Une étape charnière sur le chemin de la liberté.

La Constitution de l'An III (25 août 1795) érige les vieilles colonies, la Guadeloupe, la Martinique et la Réunion en départements. Le décret du 4 février 1794 abolissant l'esclavage l'avait précédée. C'en est trop pour la bonne société réunionnaise esclavagiste.

Départementalisation et abolition de l'esclavage sont liés. "La Réunion fait partie de la République une et indivisible, mais en raison de sa localité, la Réunion est régie par des institutions particulières sous la dépendance et la protection de la France". Léon de Lepervanche.

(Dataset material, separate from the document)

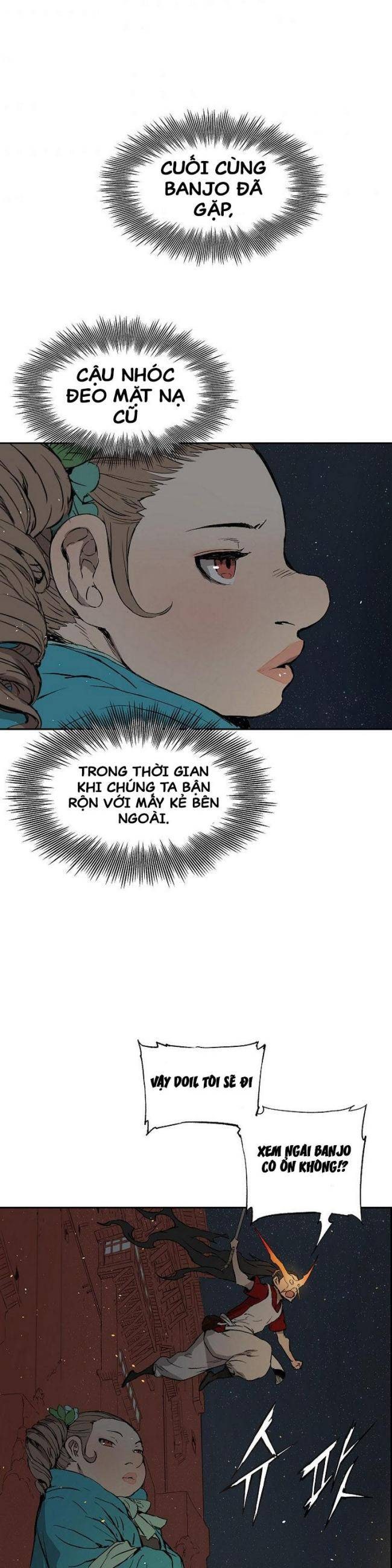 Vô Kiếm Tiểu Tử - Page 20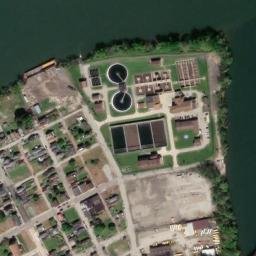 Satellite imagery of 3055 — NGS KX1320 — Dravosburg, US, US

Depuis cette époque, dans l'imaginaire collectif réunionnais, départementalisation et liberté sont associés. Ainsi, en 1848 Sarda Garriga proclamant l'abolition de l'esclavage à la Réunion déclare : "Quand cette terre si éminemment française ne portera plus d'esclaves, elle formera, j'en ai l'assurance, dans la grande unité française, un département d'Outre-mer gouverné par les lois générales de la Métropole".

Départementalisation et assimilation

Pour être un citoyen français, il faut avoir assimilé la culture française dans ses formes extérieures d'expression. On aurait pu s'attendre à des populations d'origines africaines, chinoise, indienne, éloignée de la culture française et européenne, a un refus de l'assimilation culturelle. Il n'en a rien été. Au contraire, ces populations dans leur écrasante majorité l'ont revendiqué et défendue avec passion, avec excès parfois.

Encore de nos jours, la force de l'assimilation culturelle, dans la conscience collective des réunionnais, trouve une partie de son explication dans cet espèce de troc des cultures contre la liberté et l'égalité citoyennes comme en "Métropole".

Le long combat des réunionnais de gauche.

Depuis Sarda Garriga, un long combat de la gauche réunionnaise pour la départementalisation a été mené de générations en générations.

En 1912, Paul Hermann déclare : "La Réunion n'est pas un département français, mais elle a tout ce qu'il faut pour le devenir". Les forces progressistes locales sont traditionnellement départementalistes, et les forces conservatrices plus ou moins régionalistes. En 1936, le mouvement du front populaire descend dans la rue en cortèges et banderoles ; Syndicats et partis de gauche organisent la revendication.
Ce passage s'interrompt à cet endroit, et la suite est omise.